TASK INSTRUCTIONS: Repeat each record exactly, skipping the pictures.
DATA SUPPLIED section start
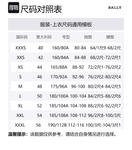 BALLY Мужская поло темно-синяя - фото 2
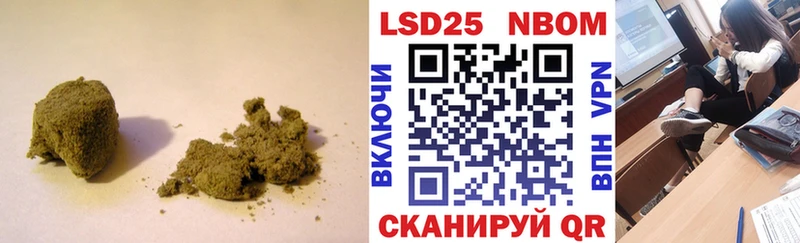 Лсд 25 экстази ecstasy  Горячий Ключ 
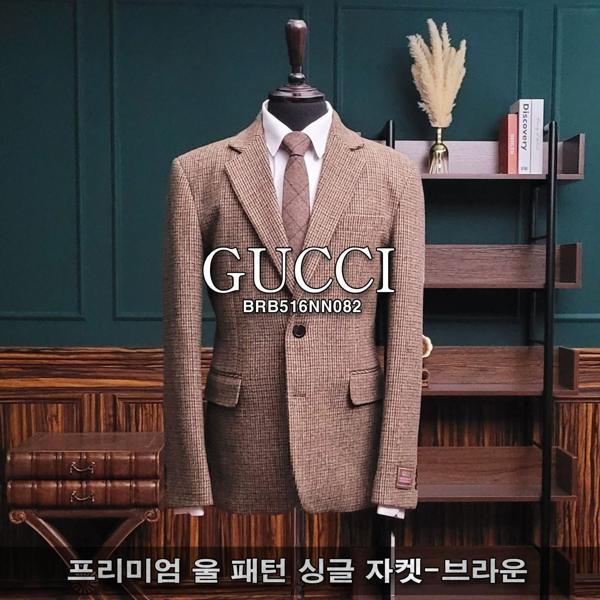 구* 프리미엄 패턴 울 자켓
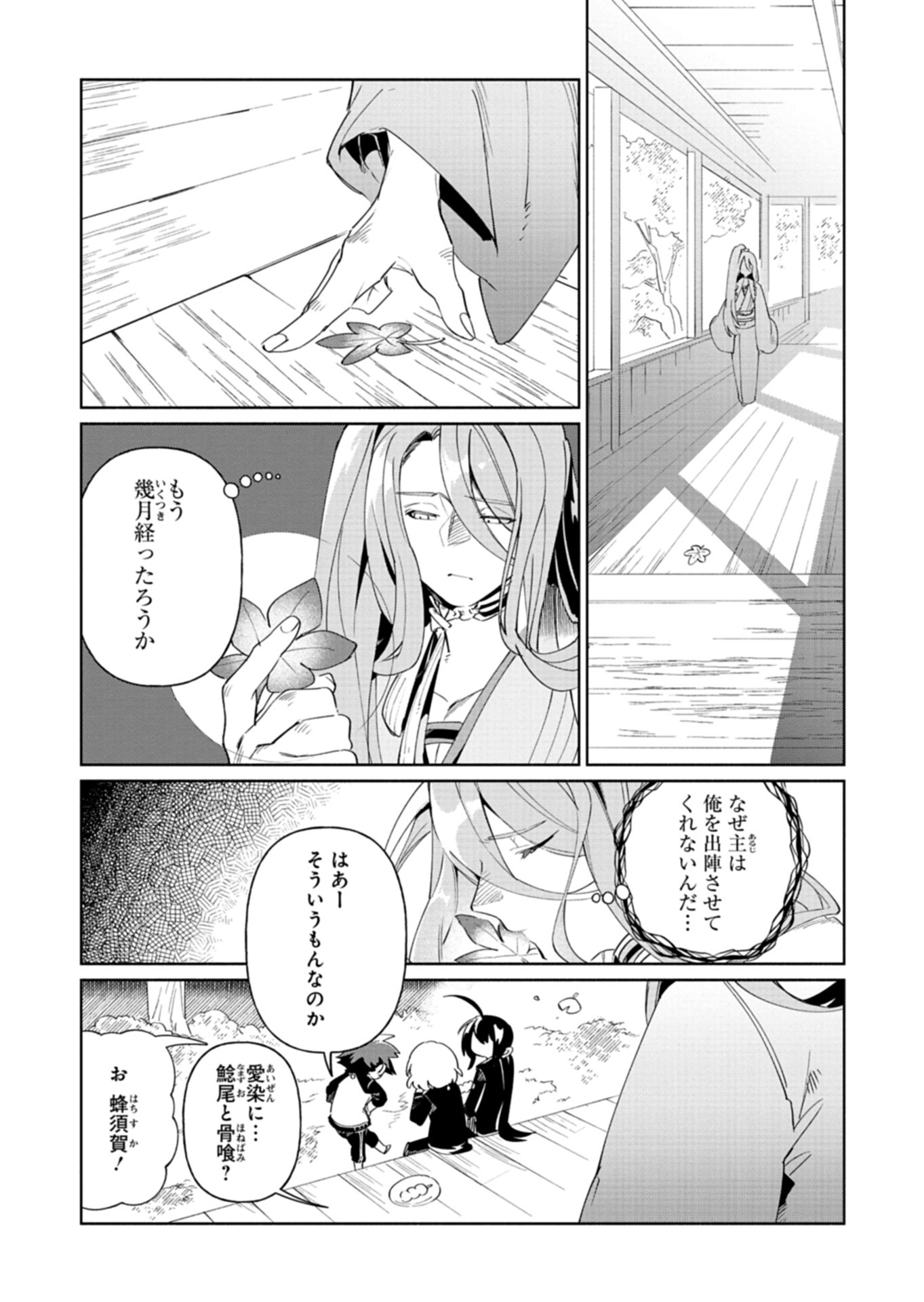 Touken Ranbu Shintan Hachisuka Kotetsu Chapter 4 21ページ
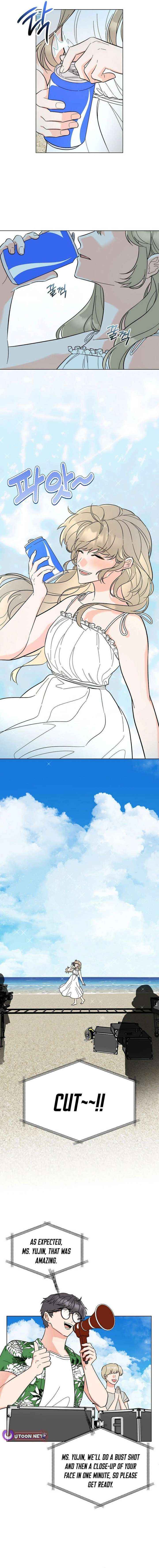 Read 1st year Max Level Manager chapter 174 image 5 on Lezhin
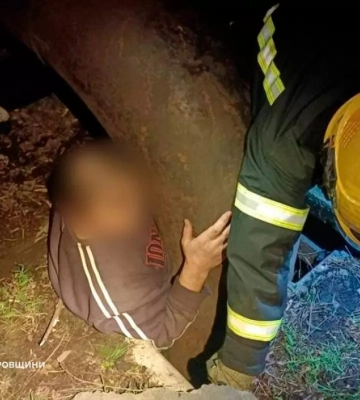 На Дніпропетровщині розшукують зниклого чоловіка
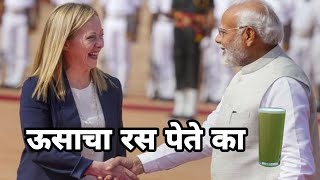 मोदीजी ने पेला ऊसाचा रस | Narendra Modi Marathi Dubbing Video by Chimur ka chokra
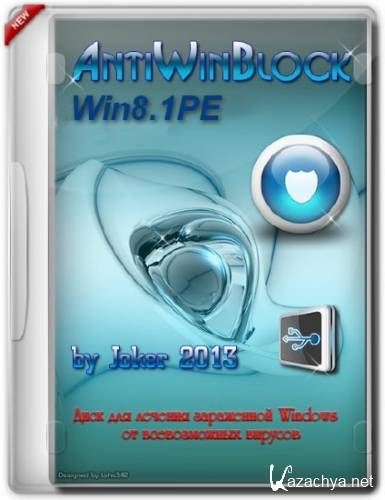 AntiWinBlock 2.9.6 Win8.1PE (2014/RUS)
DATA SUPPLIED section end
FINAL ANSWER:
 BALLY Мужская поло темно-синяя - фото 2
 Лсд 25 экстази ecstasy  Горячий Ключ 
 구* 프리미엄 패턴 울 자켓
 Touken Ranbu Shintan Hachisuka Kotetsu Chapter 4 21ページ
 Read 1st year Max Level Manager chapter 174 image 5 on Lezhin
 На Дніпропетровщині розшукують зниклого чоловіка
 मोदीजी ने पेला ऊसाचा रस | Narendra Modi Marathi Dubbing Video by Chimur ka chokra
 AntiWinBlock 2.9.6 Win8.1PE (2014/RUS)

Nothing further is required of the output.